Вы находитесь на странице: 1из 11

LESSON 1 A REVIEW OF STATISTICS

This is a review of basic statistical concepts, at the end of which you should be able to:

1. Explain the need for statistics in agricultural experiments

2. Explain the use of graphical methods to describe the distribution of variables.

3. Compute and compare various measures of central tendencies and dispersions to describe a population or sample

The need for statistics Agricultural research often deals with plant and animal studies either in the laboratory or in the field. However, plants and animals tend to vary from each other even when they are treated similarly.

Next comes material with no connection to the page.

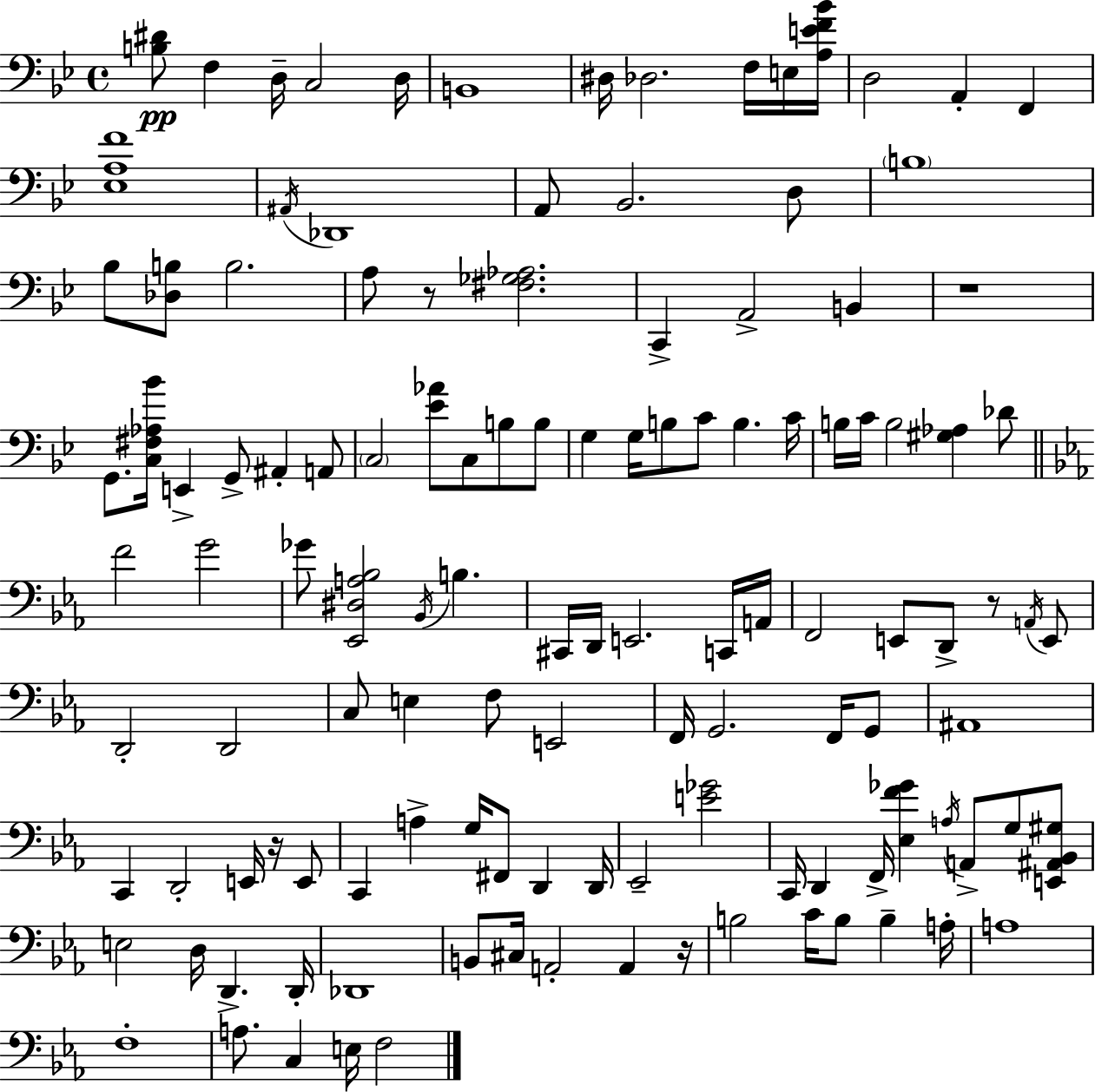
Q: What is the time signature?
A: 4/4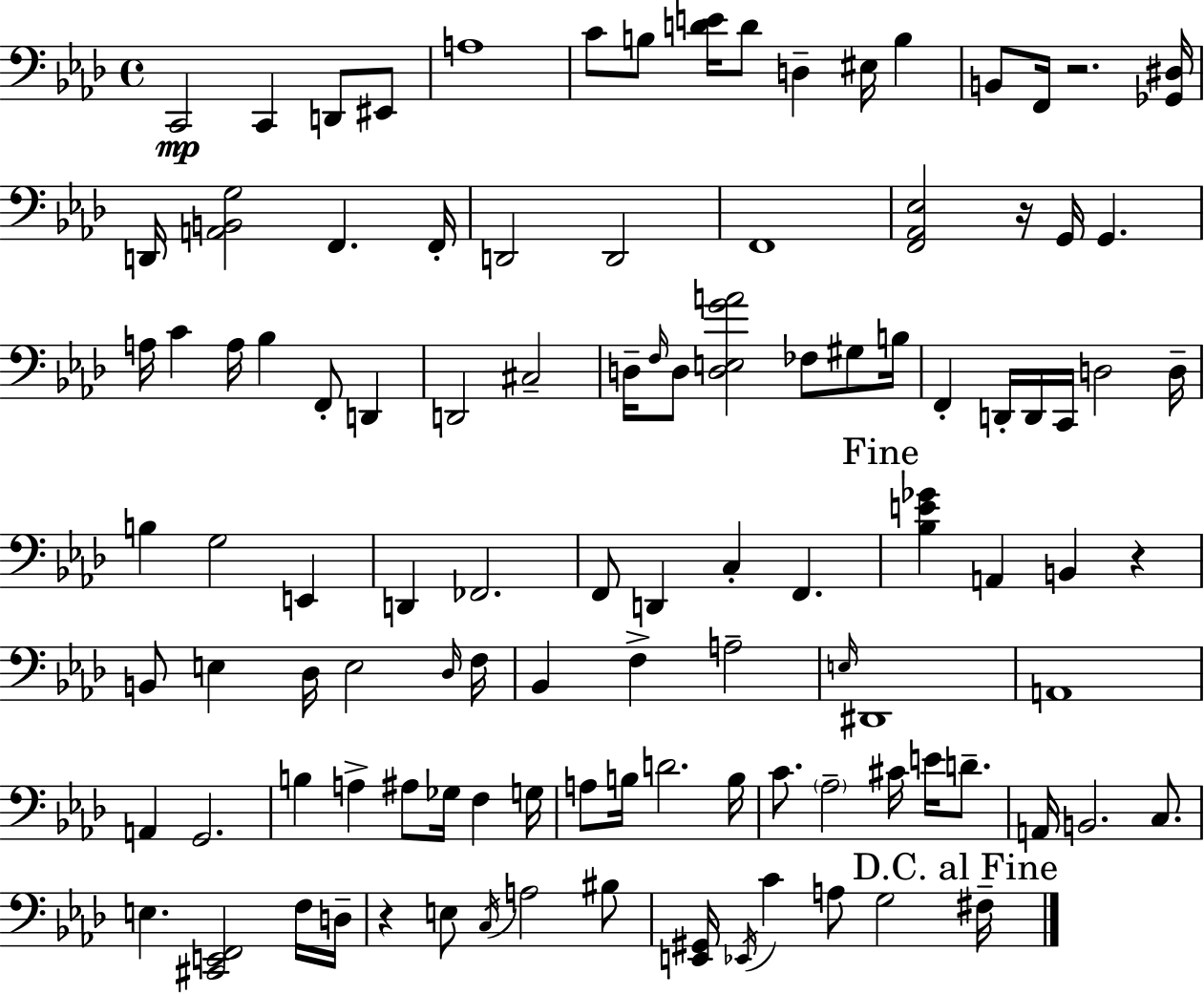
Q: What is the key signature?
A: AES major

Examples of such variations are:

Differences in the heights of plants grown under similar conditions

Differences in insect damage of plants similarly treated

Differences in the life cycle of a parasite raised under similar conditions

Differences in the diameters of bacteria-free zones in similar Petri dishes Some of the factors giving rise to such differences include:

Inherent genetical differences between plants or animals

Soil heterogeneity

Climatic variations

Variation in cultural practices

Competition for nutrients, moisture, and sunlight

Mechanical errors

Therefore it is expected that plants or animals similarly treated will yield different measurements of variables such as plant height, fresh yield, or stem diameter.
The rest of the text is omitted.